In questo volume Daniela Gallo Carrabba ricostruisce la biografia di Carla Maria Burri (Crema, 1935-2009).
Figlia del direttore dello storico Linificio e Canapificio Nazionale di Crema – allora la tessitura più grande d’Italia – ha avuto una vita ricca di interessi, gratificazioni, colpi di scena. L’Egittologia e in particolare la Papirologia sono state un antico amore per la studiosa cremasca che, allieva del grande egittologo Sergio Donadoni, nel 1959 si era laureata presso la Facoltà di Lettere Classiche dell’Università Statale di Milano con una tesi in Papirologia greco romana.
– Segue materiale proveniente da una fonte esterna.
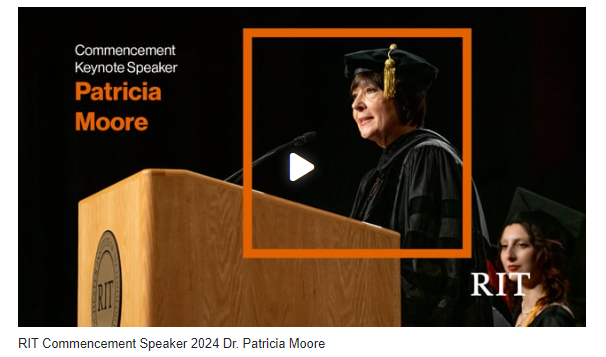 RIT_AcadAffairs's tweet photo. Watch Patricia Moore '74, RIT’s 2024 Academic Convocation keynote speaker, and the individual college graduation ceremonies on the RIT Commencement website: https://t.co/qXU4ytkgsa https://t.co/oWO3zqMvfq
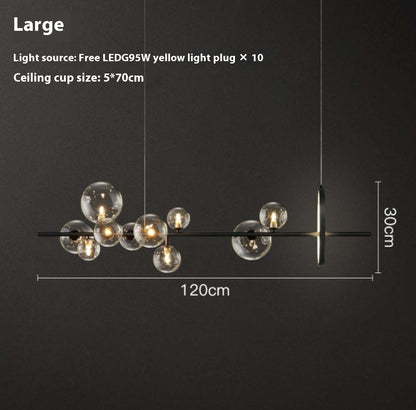 Modern Minimalist Bedroom Glass Bubble Ball Chandelier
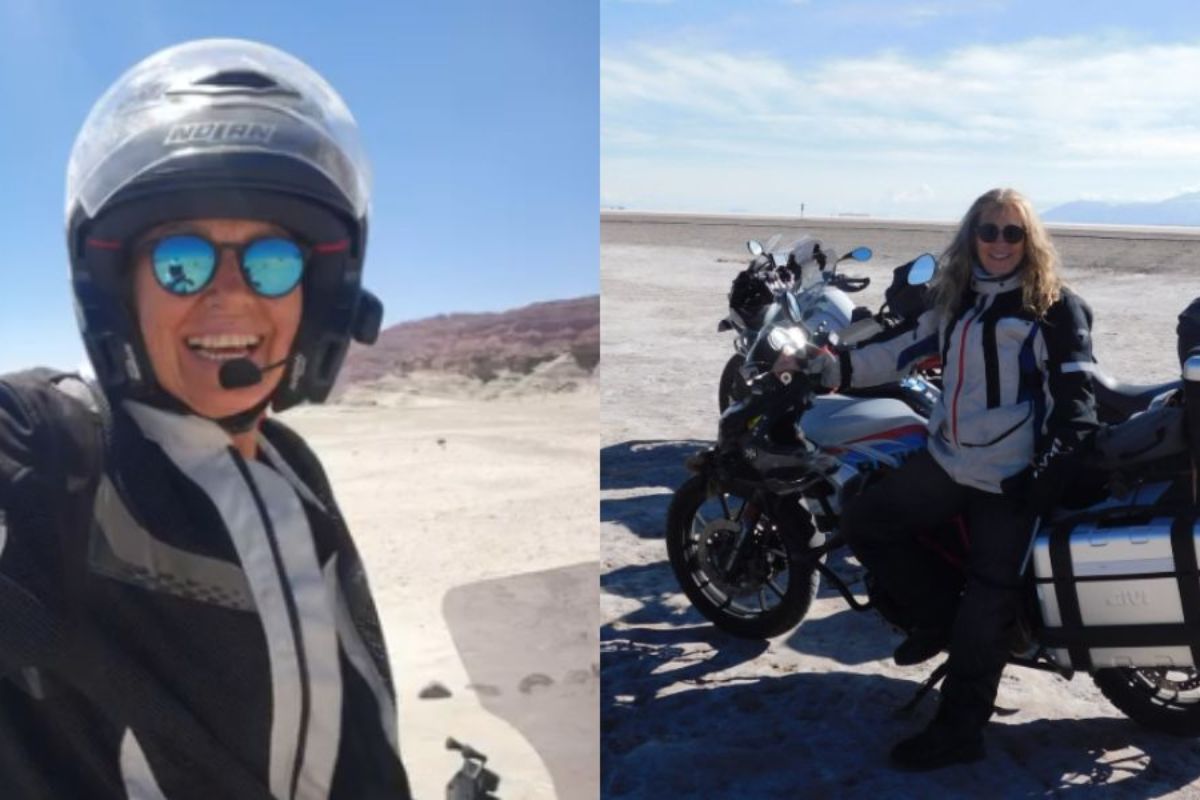 Mulher de 60 anos transforma a aposentadoria aos 60 ao aprender a andar de moto e viver uma vida na estrada em contínua viagem de moto.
Ancora studentessa, nel 1956 si recò in Egitto dove iniziò la sua storia d’amore con la terra dei faraoni. Vi ritornerà nel 1959, fresca di laurea, proprio quando veniva nazionalizzato il Canale di Suez. Dopo una serie di esperienze in Egitto con borse di studio, si specializza in archeologia Orientale presso l’Università di Roma con il professor Donadoni – trasferitosi nel frattempo alla Sapienza. Dal 1960 al 1964, Carla Burri si dedicò all’insegnamento di lettere al Ginnasio e al Liceo Scientifico Leonardo da Vinci di Crema. Il richiamo dell’Egitto era molto più forte della passione indubbia per l’insegnamento, dove profuse comunque tutte le sue energie, infondendo nei suoi allievi l’amore per la cultura, quella vera, ricca di sfumature e spessore, e una forte coscienza critica.
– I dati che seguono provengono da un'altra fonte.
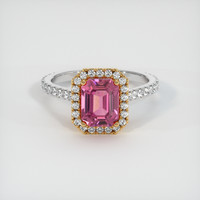 2.08 Ct. Pink Sapphire Ring, 14K Yellow & White 1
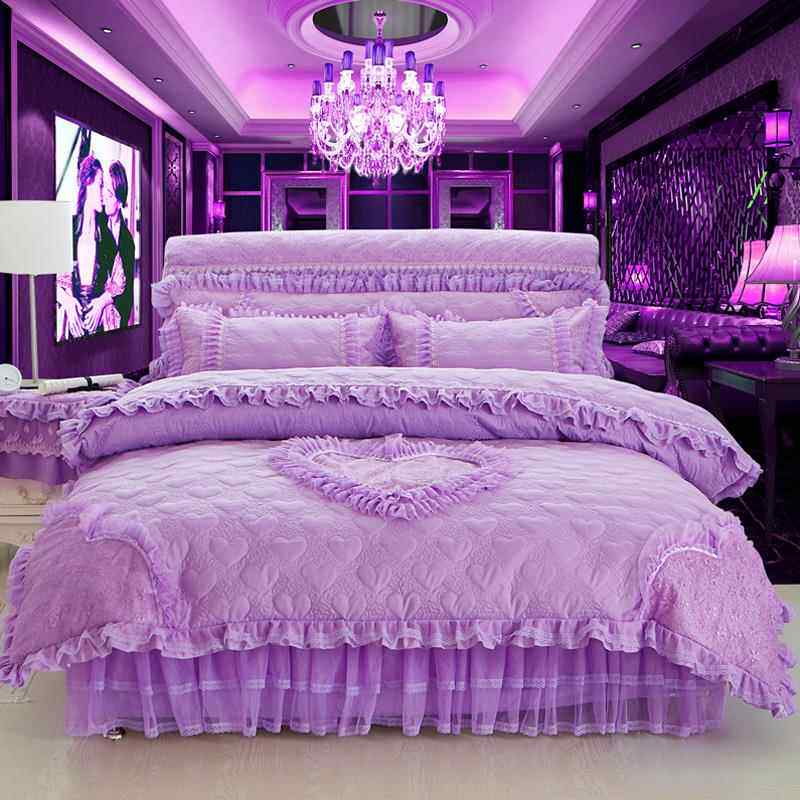 高档款韩版婚庆公丝主风床裙款四件套薄花边床罩床套蕾1.8m米床上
Vinto il concorso presso il Ministero degli Esteri, Carla Maria Burri spiccò il volo verso l’Egitto, dapprima insegnando Lingua e Cultura Italiana per poi ottenere la nomina di Addetta culturale presso l’Ambasciata d’Italia al Cairo. Vi rimase, con i debiti correttivi di carriera, sino al 1981. Un ruolo di primo piano fu giocato in quegli anni da Carla Burri a favore delle missioni archeologiche italiane che contribuirono alla messa in sicurezza dei templi di Abu Simbel. Anche grazie alla sua opera il governo egiziano donò all’Italia il tempietto rupestre di Ellesya, che ora è uno dei vanti del Museo Egizio di Torino.
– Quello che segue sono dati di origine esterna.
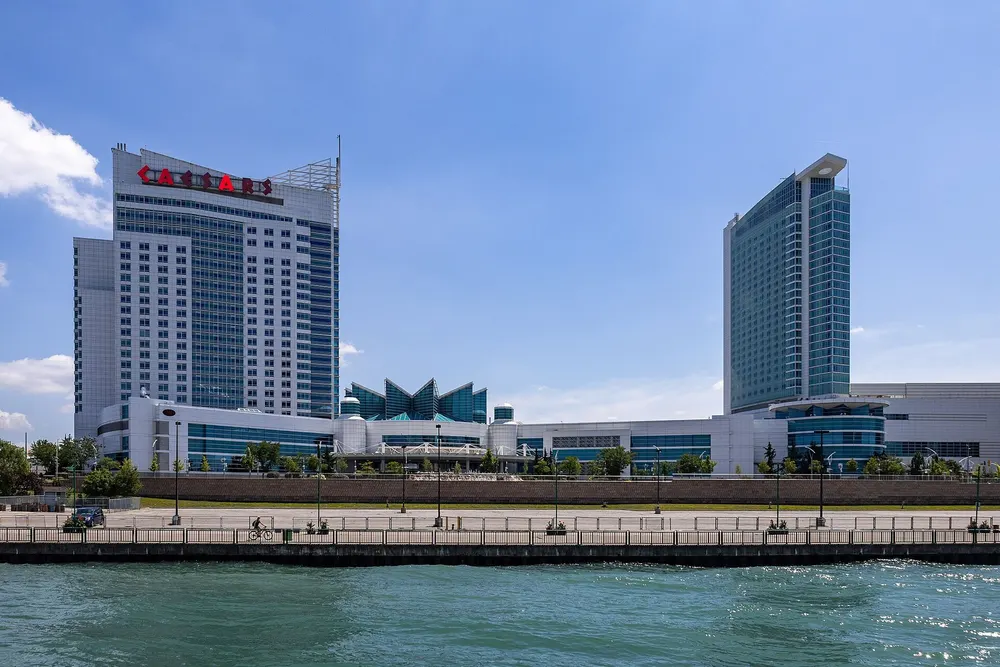 Caesars Windsor seen from the Detroit River: two hotel towers above the low casino complex on the riverfront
Nel 1970, con decreto ministeriale e l’interessamento personale di Aldo Moro, in quel momento ministro degli Esteri, la sezione archeologica dell’Istituto Italiano di Cultura divenne autonoma assumendo la definizione di Centro archeologico italiano. A dargli voce per 17 anni un “Bollettino d’Informazioni” trimestrale, curato personalmente da “la Burri”, come affettuosamente tutto il mondo diplomatico la chiamava, strumento principale e autorevole, indispensabile per la diffusione di notizie su rinvenimenti, attribuzioni, scoperte, manifestazioni, in merito all’attività delle missioni italiane e straniere nella terra dei faraoni.